Lucky 3 Blues Band – Howl! | Album Review

lucky3bluesbandcdLucky 3 Blues Band – Howl!

Self-produced CD

13 songs – 51 minutes

www.Lucky3bluesband.com

A three-piece outfit like their name implies, The Lucky 3 Blues Band is a collection of longtime friends who’ve spent decades working in the Chicago music scene in one capacity or another.

Guitarist Jay O’Rourke is a former mastering engineer at Bruce Iglauer’s Alligator Records who’s worked with Warren Zevon and Ian Hunter as well as playing the six-string for The Insiders. Harp player Frank Raven cut his teeth sitting in with Buddy Guy and Lefty Dizz at the Checkerboard Lounge. He hosted the jam at Guy’s Legends for a couple of years in addition to fronting his own self-named bands as well as local favorites Slammin’ Watusis and The Blue Watusis. Vocalist and fellow songwriter Jim Desmond has worked his way through several musical styles, with his first love always being the blues.

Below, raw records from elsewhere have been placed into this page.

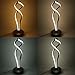 SkyeyArc Double Helix Dimmable LED Table Lamp, Modern Spiral Lamp, Contemporary Minimalist Lighting Design, Color Adjustable Light, 12W, Black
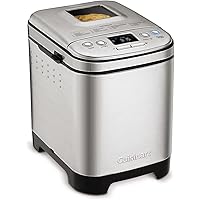 Cuisinart Bread Maker Machine, Compact and Automatic, Customizable Settings, Up to 2lb Loaves, CBK-110P1, Silver,Black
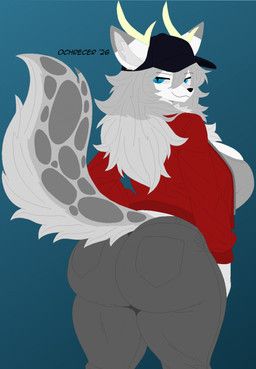 och_(ochrecer), ochrecer, anthro, antlers, big_breasts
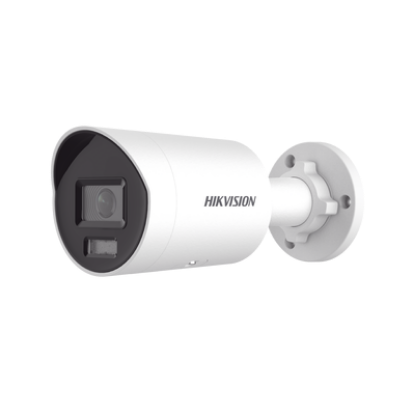 [Dual Light + ColorVu] Bala IP 8 Megapixel (4K) / Lente 2.8 mm / 40 mts IR + 40 mts Luz Blanca /  Microfono Integrado / Exterior IP67 /   WDR 130 dB / ACUSENSE (Filtro de Falsas Alarmas) / Captura Facial / PoE / Metal / ACUSEARCH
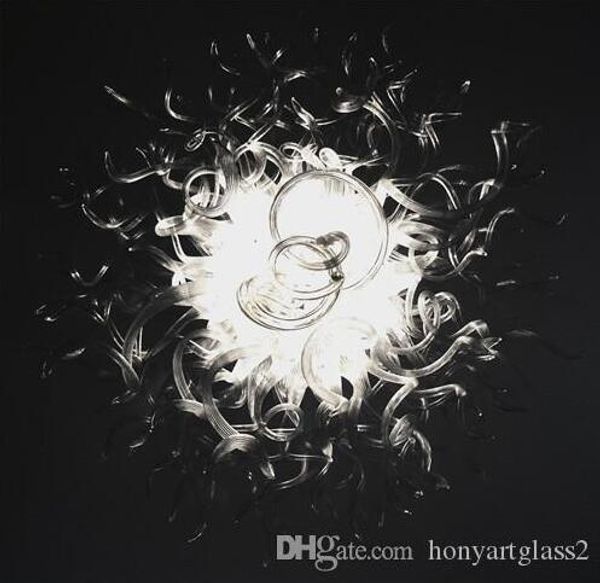 

Hot Sale White Murano Glass Modern Art Decor Flower Glass Chandelier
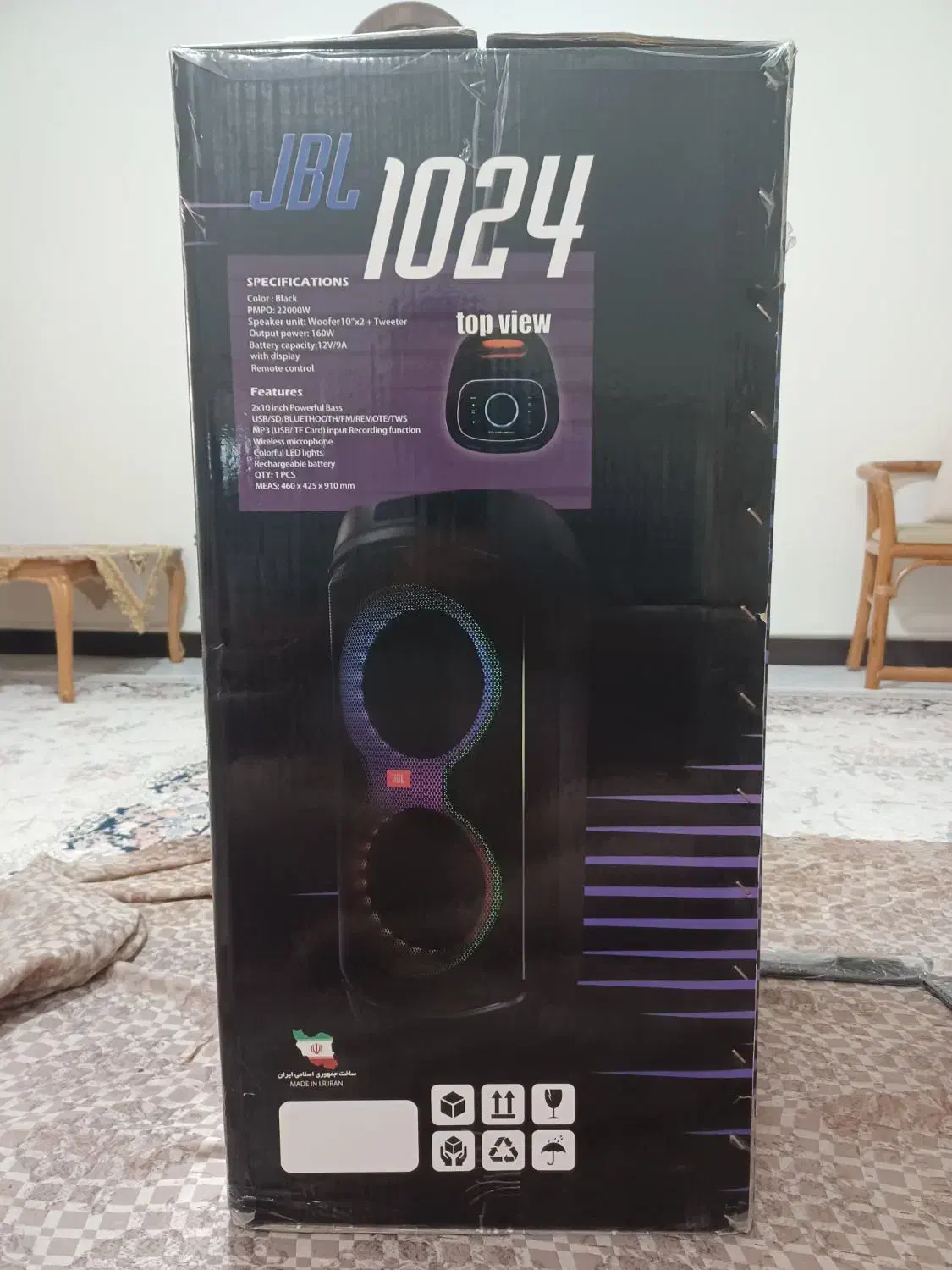 اسپیکر چمدانی جی بی ال مدل JBL PartyBox 1024|سیستم صوتی خانگی|اندیشه, اندیشه فاز ۱|دیوار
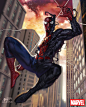 MARVEL war of heroes Spider Man+VENOM by. In-Hyuk Lee (마블 워 오브 히어로즈- 스파이더맨+베놈 by.이인혁) : 2013 work. Spider man + Venom 스파이디는 기본 디자인이 좋아서 옷에 그물만 없으면 진짜 그리기 편했...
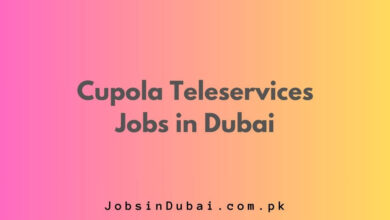 Cupola Teleservices Jobs in Dubai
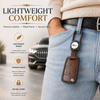JVCV® Premium Metal & Leather Key Cover – Compatible with Skoda Kushaq, Octavia, Kodiaq, Superb & Volkswagen Taigun, Tiguan, Virtus Folding Key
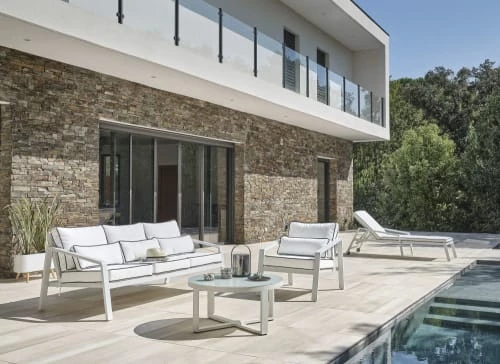 Maisons Du Monde Bains De Soleil Et Chaises Longues Bain De Soleil En Aluminium Avec Matelas Blanc 7 Maisons Du Monde Bains De Soleil Et Chaises Longues Bain De Soleil En Aluminium Avec Matelas Blanc – Image 5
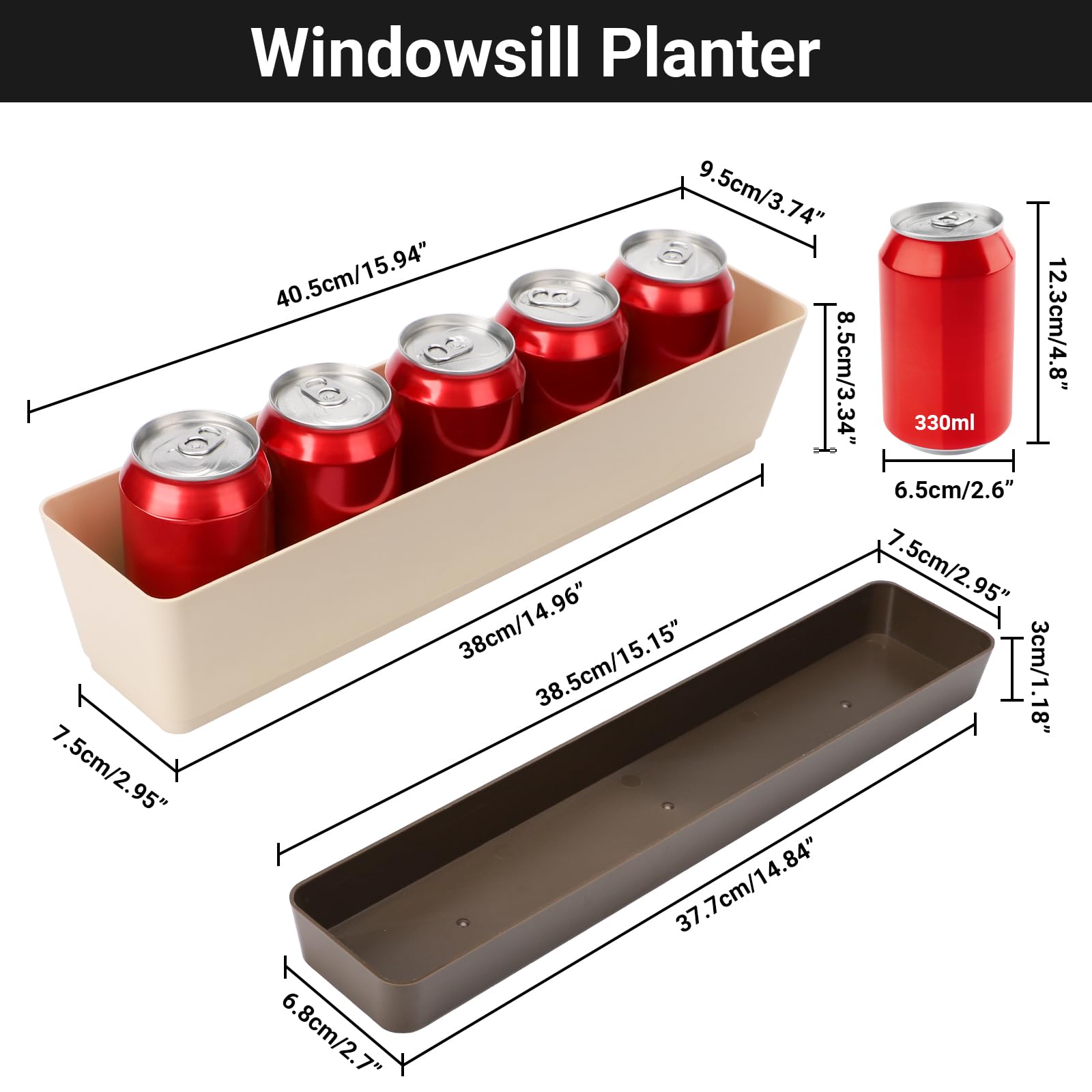 Suream window box narrow fit on a compact windowsill for small apartments.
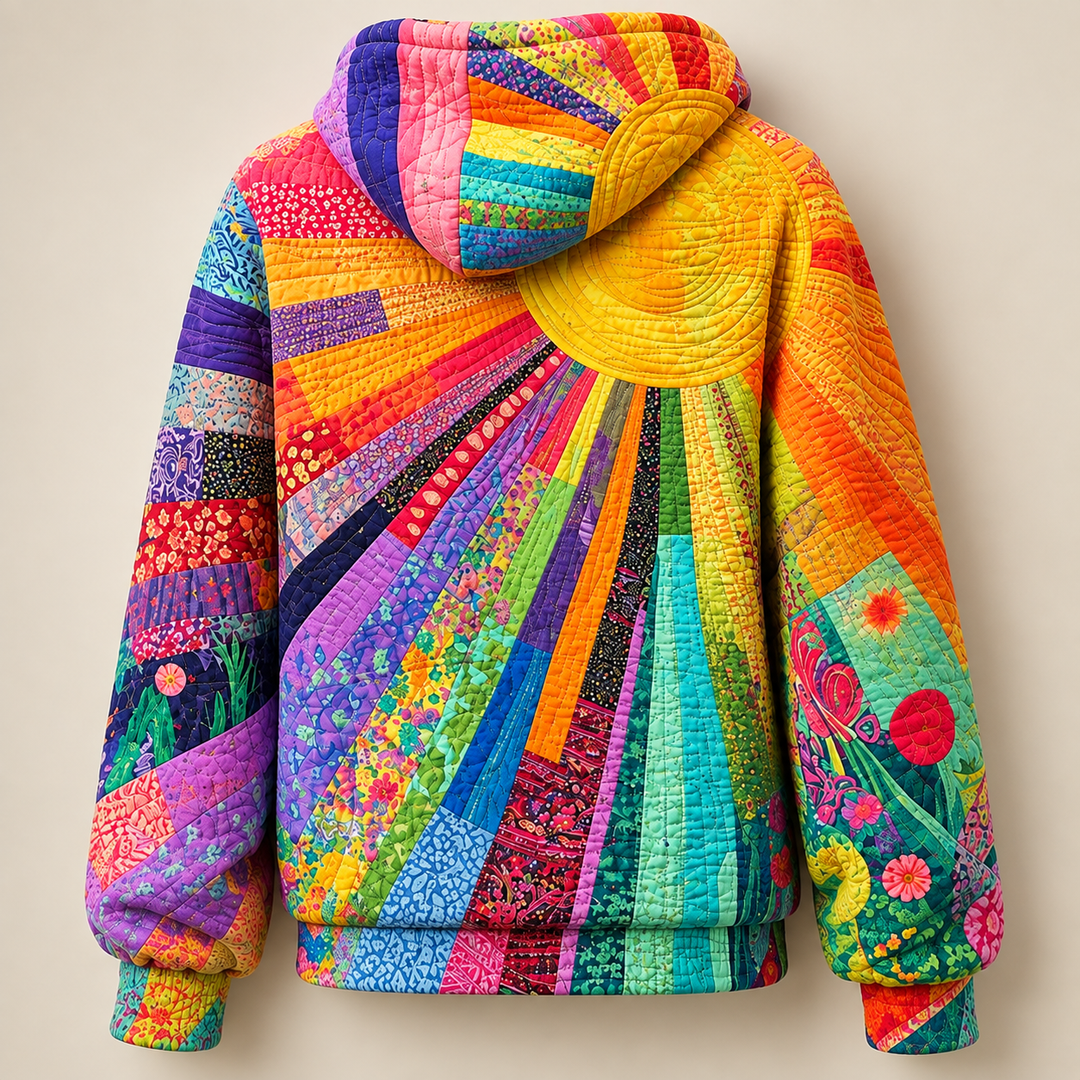 Amanda™ | Sweat à Capuche Matelassé Fleuri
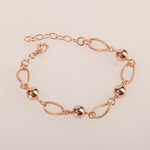 Load image into Gallery viewer, Blisse Allure Rose Gold Fancy Pear Shaped Link Bracelet - Taraash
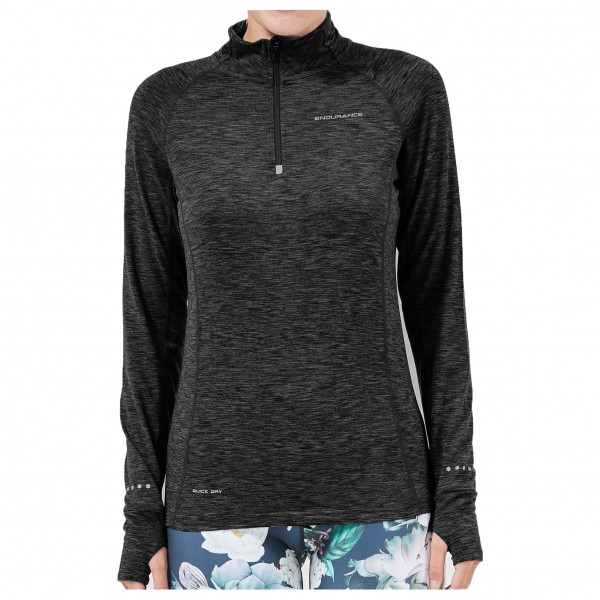 ENDURANCE - Women's Canna V2 Melange Performance Midlayer - Longsleeve Gr 36;38;40;42;44;46 beige;oliv von ENDURANCE
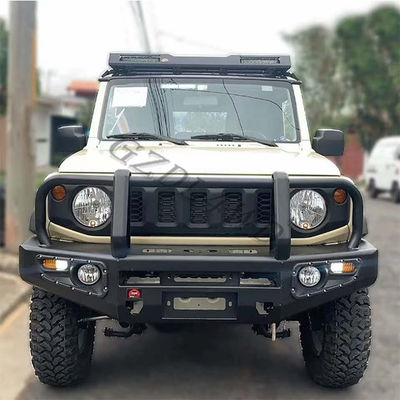 Pintura Negra 4x4 acero para Jimny 2019+ para el parachoques delantero del coche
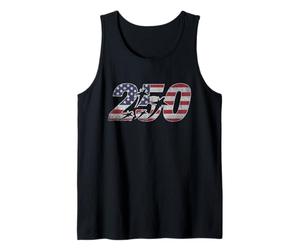 250 Ans American Aircraft Freedom USA Flag Military Jet Débardeur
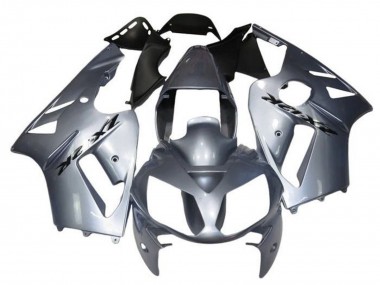 Cheap 2000-2001 Kawasaki ZX12R Motorcycle Fairings - Silver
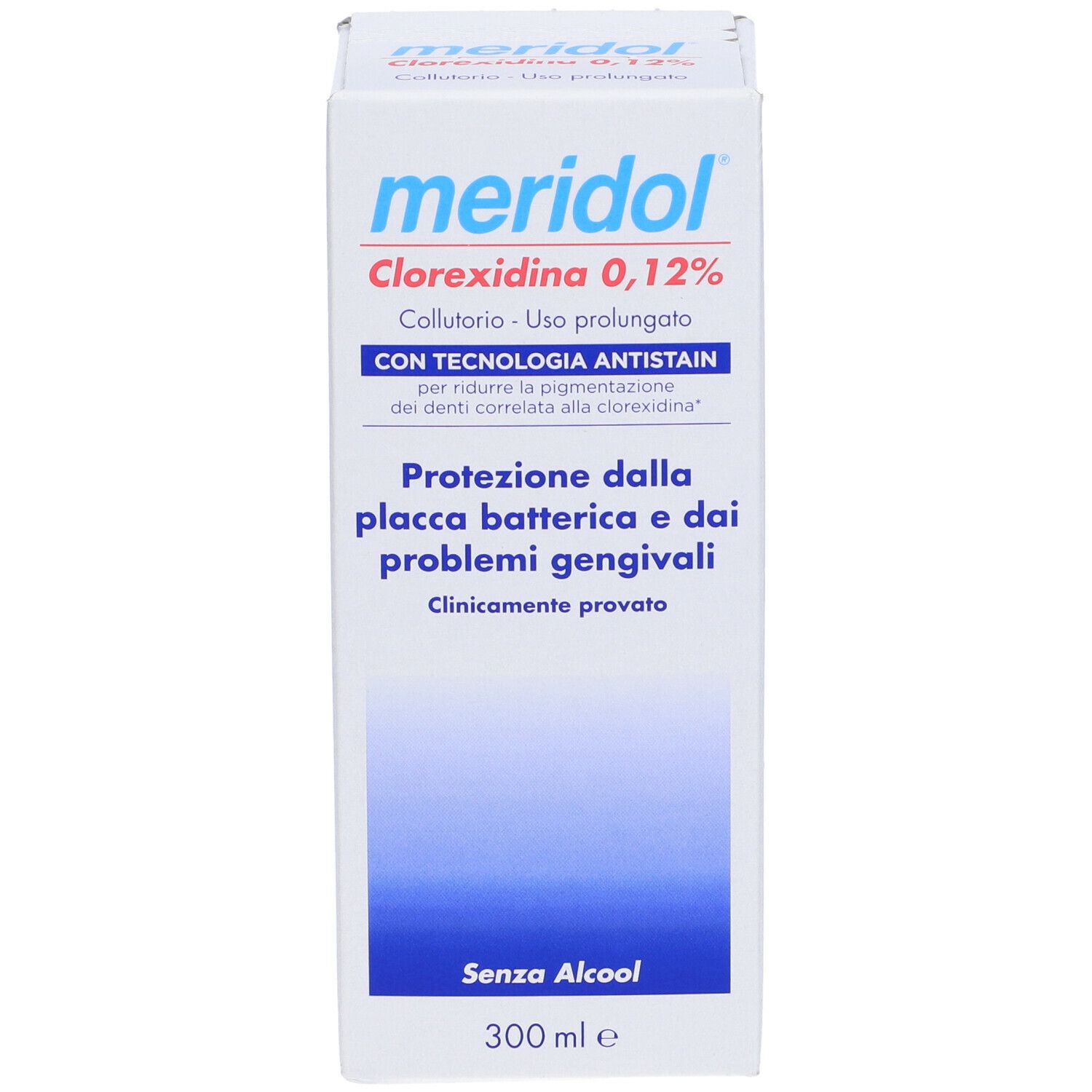 Confezione Meridol Clorexidina 0,12% Collutorio. Senza Alcool. 300ml.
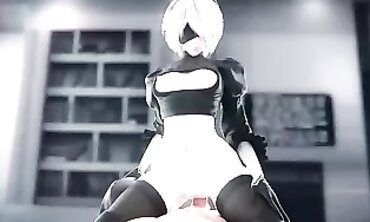 2B Nier Automata 3D Hardcore Compilation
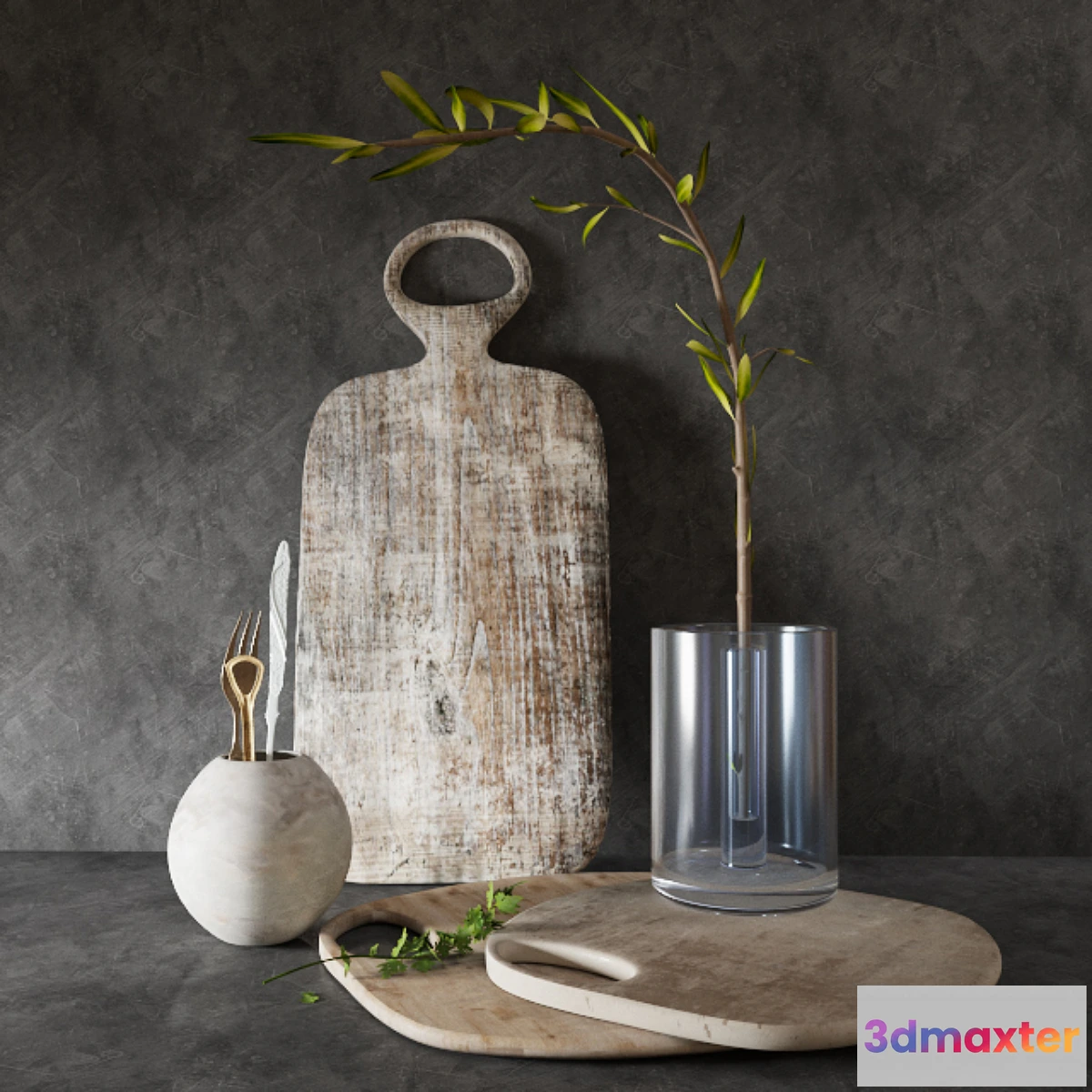 1400400 - Decorative set 3D Max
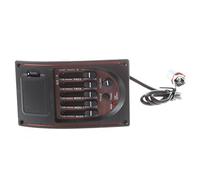 Compasty Chitarra Acustica -cablato Preamp 5 Bande EQ Tuner Piezo Pickup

Together, they are familiar faces on the North and West Side music scenes in the Windy City as they deliver straight-ahead Chicago blues, as evidenced in this well-conceived, self-produced CD. They’re assisted by background vocals from Preston Graves, Holly Wasnea, Anna Fermin, Marcus David, Max Good, Mark Panick, Teddy Thornhill, P.H. Stam, Grant Tye and Jimmi Hendrixson. Although evident in the mix, drums and percussion go uncredited.

True to their roots, a harmonica riff kicks off “Maxwell Street Blues,” a fond recollection of the open-air market on the near South Side, where you could purchase anything under the sun while listening to some of the best free music in the city. O’Rourke’s slide work is steady as Desmond’s smooth, but gravel-coated voice recalls going to Smoky Joe’s, a clothing store, where you could buy a sharkskin suit, some new boots and much, much more. The tune was recorded live in an alley. It’s the first of eight consecutive originals, with five covers finishing the set.

Vocals and harp play call-and-response throughout “Junkyard,” a complaint about living in a loop in which no one seems to succeed. Raven’s delivery is rock solid, but refreshingly sans the over-the-top flash demonstrated by so many reed benders today. The guitar carries the hook for “Boogaloo Test,” a funky reprise that insists if something’s good, it got to pass the test. “Too Much Funky Business” follows. It’s a blues rocker about an ex-beauty queen know-it-all with something to hide.

The mood slows down with the ballad “So Alone” before “Who’s Hoodooin’ Who?” a bit of funk with a New Orleans feel and plenty of magical imagery. An electric guitar line atop drum pattern kick off “Old Dog,” a statement that the singer’s a lone wolf out on the prowl with a new set of tricks. The imagery continues with “Midnight On The Highway” before the band concludes with a set of covers, all recorded live at guitarist Dave Specter’s SPACE nightclub in Evanston, Il. It includes Honeyboy Edwards’ “Wind Howlin’ Blues,” Johnny Kidd’s “Shakin All Over,” Junior Wells’ “Hoodoo Man Blues,” J.B. Hutto’s “Too Much Alcohol” and Ellis McDaniel’s “I’m A Man.”

If your tastes run to power blues trios, you like this one. It’s available through CDBaby. It doesn’t cut any new ground, but definitely delivers the goods.